Saved data entries:
====

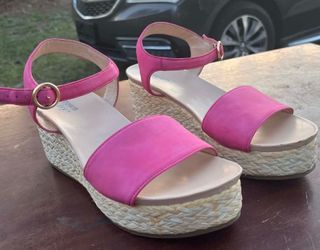 Crown & Ivy Pink Espadrille Wedge Sandals - Size [9]
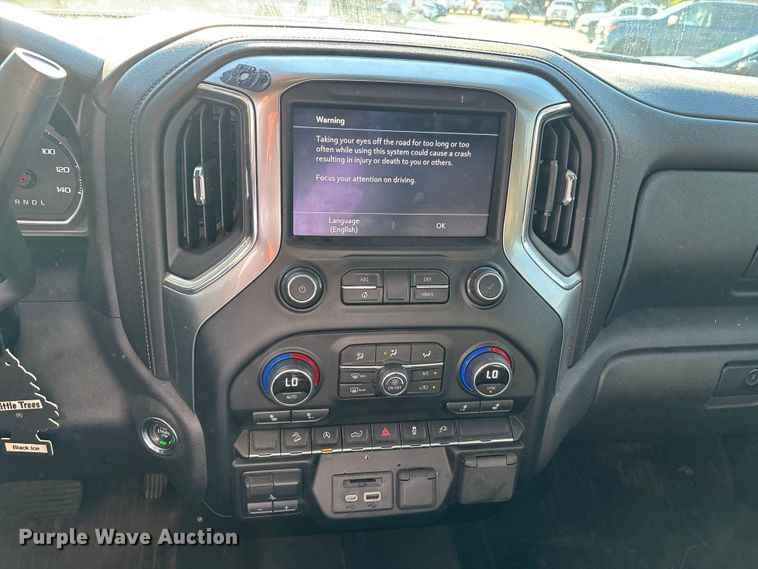 image for item EJ7703 2020 Chevrolet Silverado 1500 LT Crew Cab pickup truck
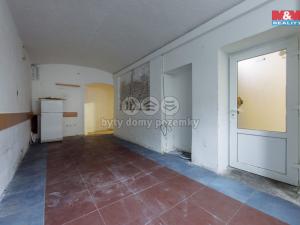 Prodej obchodního prostoru, Karlovy Vary, Moskevská, 38 m2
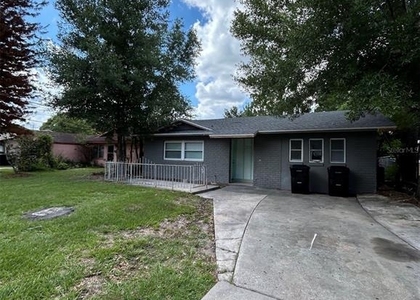 625 19th Street - Photo 1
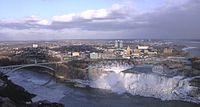 https://upload.wikimedia.org/wikipedia/commons/thumb/b/be/Niagara_Falls%2C_New_York_from_Skylon_Tower.jpg/200px-Niagara_Falls%2C_New_York_from_Skylon_Tower.jpg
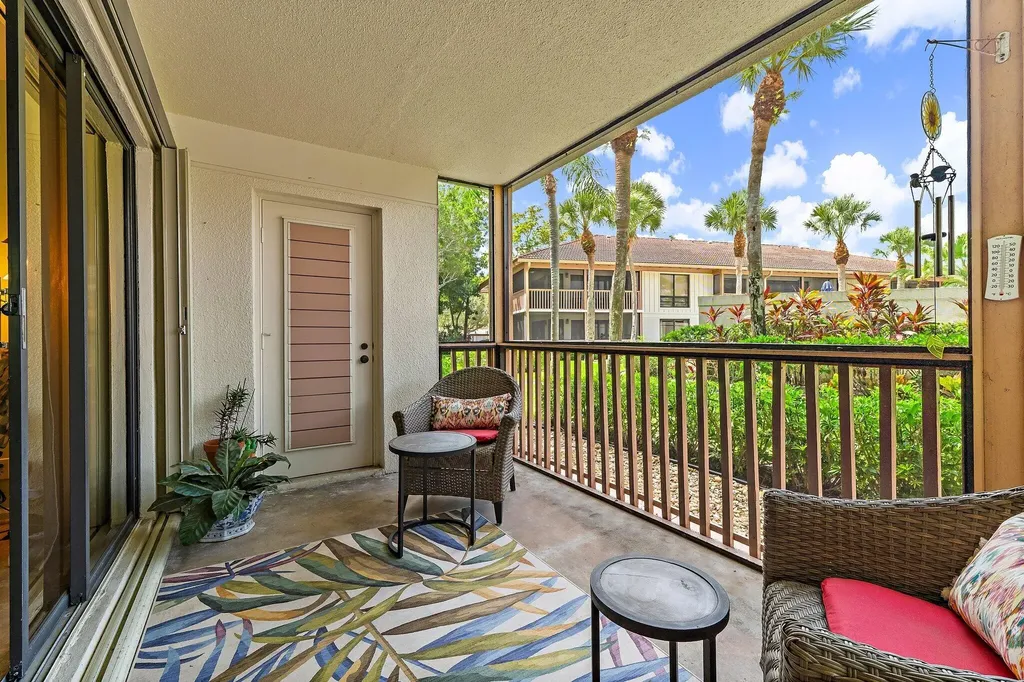 413 Brackenwood Lane S Palm Beach Gardens FL 33418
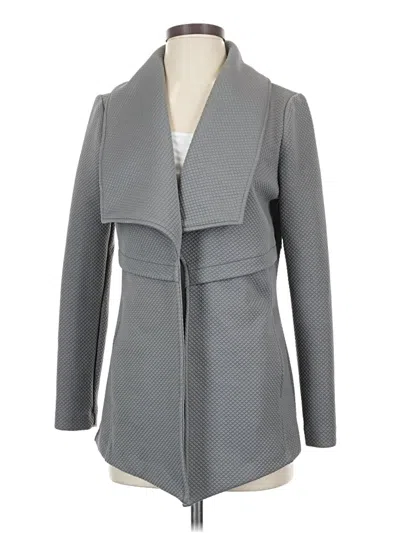 Pre-owned Kensie Coat In Gray
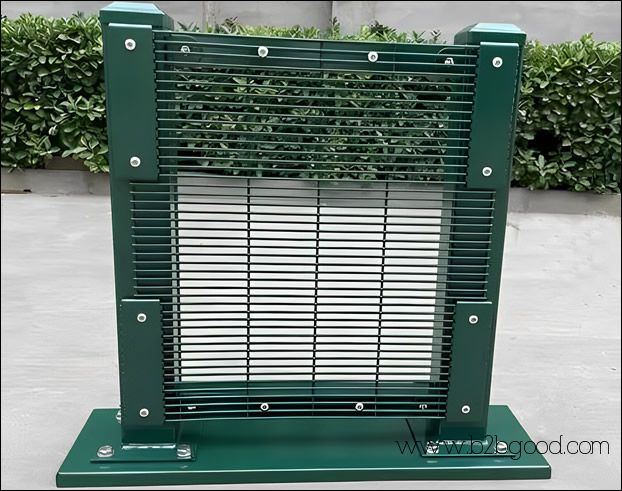 Anti climbing 358 mesh panels dark green coated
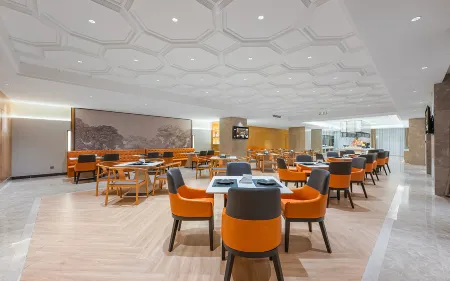 Vienna International Hotel (Yinchuan High-speed Railway Station Tongda South Street) Отели рядом с достопримечательностью «China University of Mining and Technology Yinchuan College»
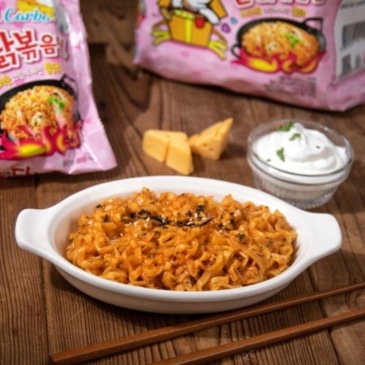 Samyang Carbo Spicy Chicken Ramen Noodles - Korean Flavor Explosion (130g) - SHOPPE.LK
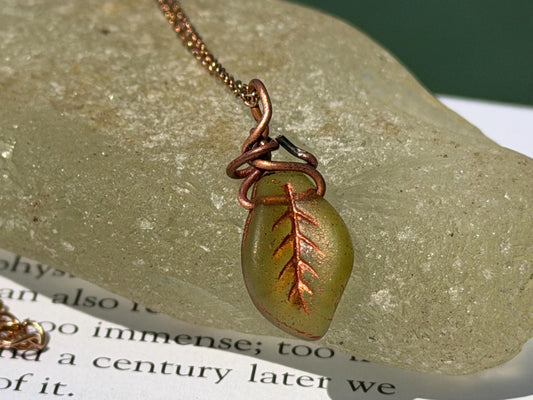 Green glass leaf necklace. Handmade necklace, leaf jewellery, gift for gardener, unusual necklace, unique jewellery. Earthy necklace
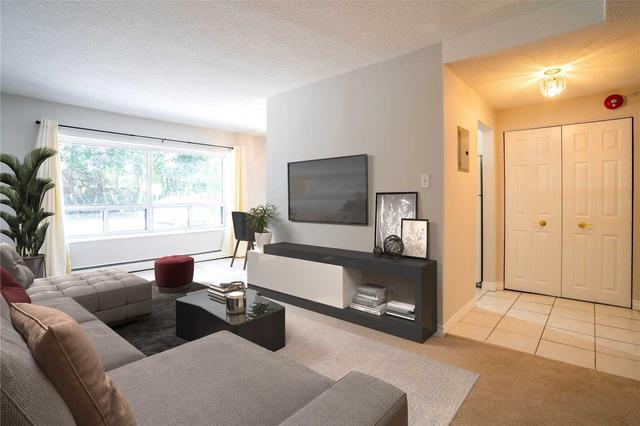 105 - 2411 New St, Condo with 1 bedrooms, 1 bathrooms and 1 parking in Burlington ON | Image 2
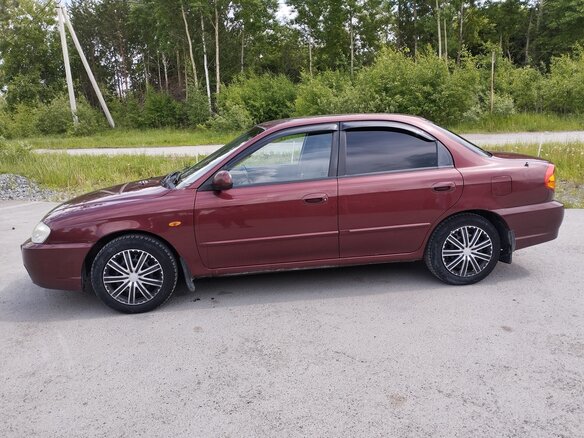 2006 Kia Spectra I Рестайлинг 2, красный, 400000 рублей - вид 7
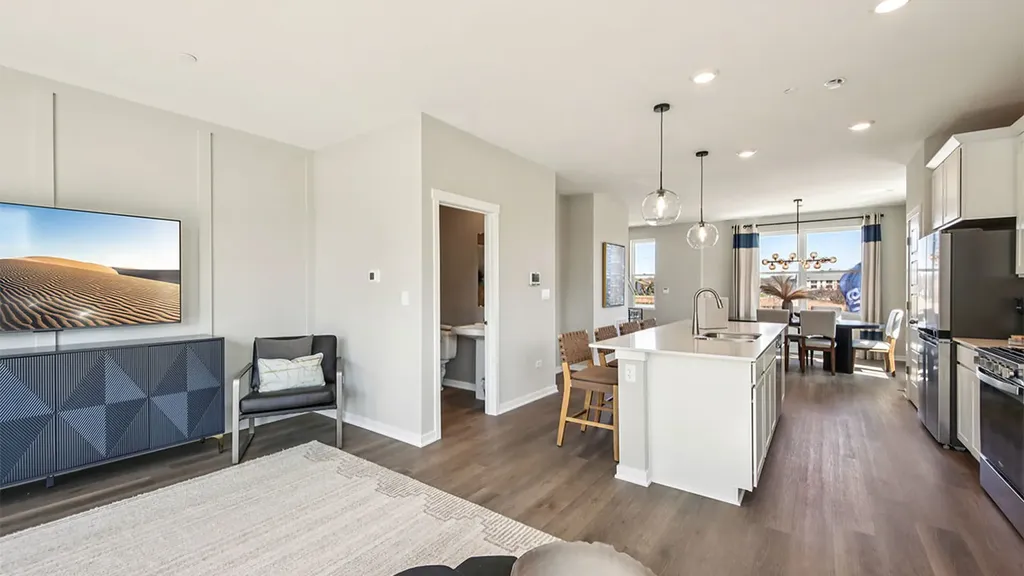 1157 Lakepointe Drive Schaumburg IL 60173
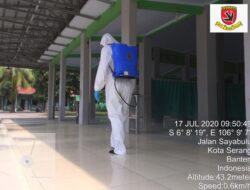Guna Melawan Corona, Sat Brimob Polda Banten Semprot Disinfektan di Ponpes Nurul Bantany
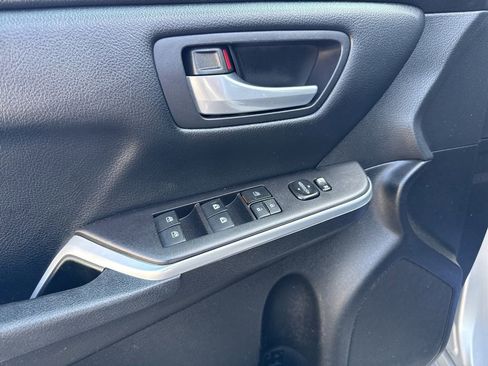 Used 2016 Toyota Camry SE image 13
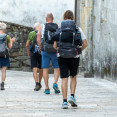 Archivo - Peregrinos realizando el Camino de Santiago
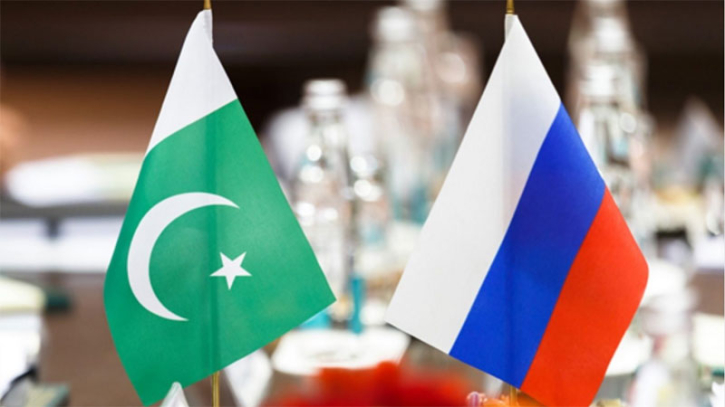 Pakistan, Russia ink historic trade deal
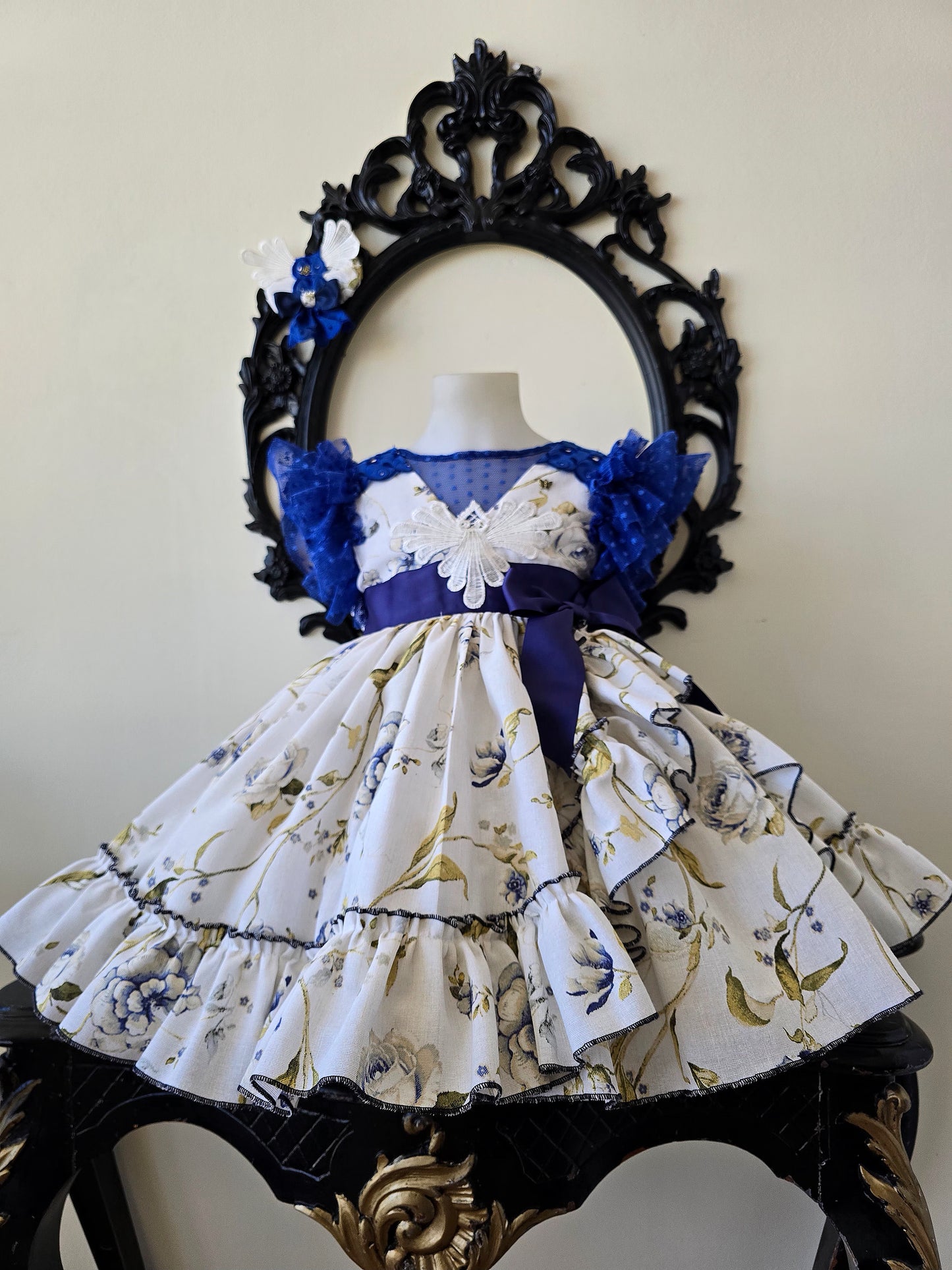 VESTIDO AZUL DE AZULEJO - Alta Costura Infantil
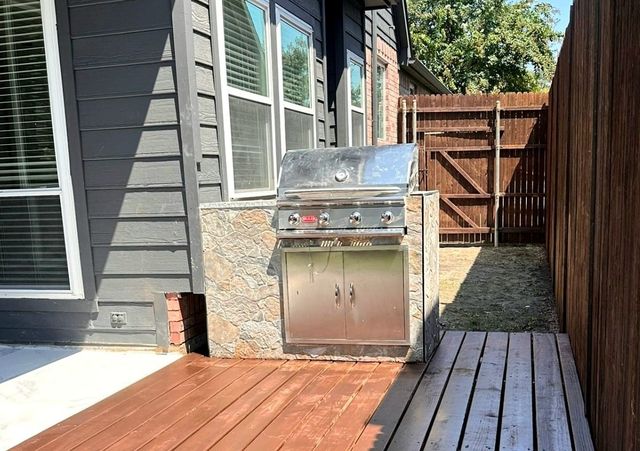 7620 Worthing Street, Dallas, TX 75252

====

* _THE PROBLEM_:
Reproduce, with no pictures, the lines from the one containing "Anti climbing 358" to the end of the records above, exactly and inclusively.

* _RESULT_:
 Anti climbing 358 mesh panels dark green coated
 Vienna International Hotel (Yinchuan High-speed Railway Station Tongda South Street) Отели рядом с достопримечательностью «China University of Mining and Technology Yinchuan College»
 Samyang Carbo Spicy Chicken Ramen Noodles - Korean Flavor Explosion (130g) - SHOPPE.LK
 Green glass leaf necklace. Handmade necklace, leaf jewellery, gift for gardener, unusual necklace, unique jewellery. Earthy necklace
 105 - 2411 New St, Condo with 1 bedrooms, 1 bathrooms and 1 parking in Burlington ON | Image 2
 2006 Kia Spectra I Рестайлинг 2, красный, 400000 рублей - вид 7
 1157 Lakepointe Drive Schaumburg IL 60173
Guna Melawan Corona, Sat Brimob Polda Banten Semprot Disinfektan di Ponpes Nurul Bantany
 Used 2016 Toyota Camry SE image 13
 Archivo - Peregrinos realizando el Camino de Santiago
 Pakistan, Russia ink historic trade deal
 VESTIDO AZUL DE AZULEJO - Alta Costura Infantil
 7620 Worthing Street, Dallas, TX 75252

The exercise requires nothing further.